Our Town: Susana Martinez – Smart and strong through good times and bad

By HARRIETT BURT
Martinez News-Gazette Contributor

Editor’s Note: One of the sources for this column and an upcoming one on Don Ignacio Martinez on whose land grant Martinez was founded, was a great granddaughter of the Don himself. In 1963, Kathryn Burns Plumer prepared a 12-page summary of Don Ignacio based on a longer piece on the family written by a great-great granddaughter in the 1940s. The County Library made it available in mimeograph form to the Contra Costa County History Center. Another new source for Our Town is a three-part series of articles on Colonel William Smith, written for the Martinez News-Gazette in the summer of 1971 by Monty Lindstrom just after graduating from Alhambra and before entering UC Santa Cruz. Appreciation as always goes to the late Charlene Perry for her great work in starting the organized and accurate preservation of Martinez history.
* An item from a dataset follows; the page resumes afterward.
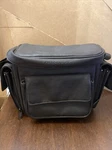 Bushnell Padded Camera Case With Straps And Many Pockets Black Soft Leather. Fixed Price $11.99.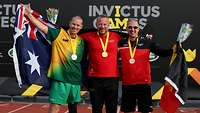 Die drei erstplatzierten Sportler posieren Arm in Arm mit ihren Medaillen und Flaggen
Dona Susana Martinez Hinckley Smith Merle
Dona Susana Martinez Hinckley Smith Merle, daughter of Don Ignacio Martinez owner of the Rancho el Pinole land grant a part of which is the site of Martinez, proved to be a stalwart woman, daughter, wife and mother through good times and bad and a worthy citizen of the town her family and her husband made possible 168 years ago. (COURTESY OF THE CITY OF MARTINEZ)

Susana Martinez Hinkley Smith Merle is an appealing figure of early Martinez history even though we don’t have a lot of details about her life. She was one of nine daughters and two sons of Don Ygnacio Martinez who owned the Rancho El Pinole land grant – nearly 18,000 acres stretching from present day Pinole to the western bank of what is now called Alhambra Creek.

After his death, his son, Jose, provided the land to carry out brother-in-law William Smith’s idea in the middle of the Gold Rush to establish a town on the Carquinez Strait shoreline. Susana, who had married Smith in 1848 after the death of her first husband, became an enduring figure in the first three decades of the town’s history through personal tragedy and good fortune. She is one of the few if not the only one of the 11 Martinez family heirs to retain until her death the fortune she inherited.

She and her twin sister, Francesca, were the seventh and eighth of the eleven children born to Don Vincente and his wife, the former Dona Maria Martinez Arellanes. Dona Maria’s parents and an older sibling had been members of the party of 250 settlers brought from Mexico in 1776 to settle Alta California so as to keep other European countries from encroaching on the Spanish empire’s holdings.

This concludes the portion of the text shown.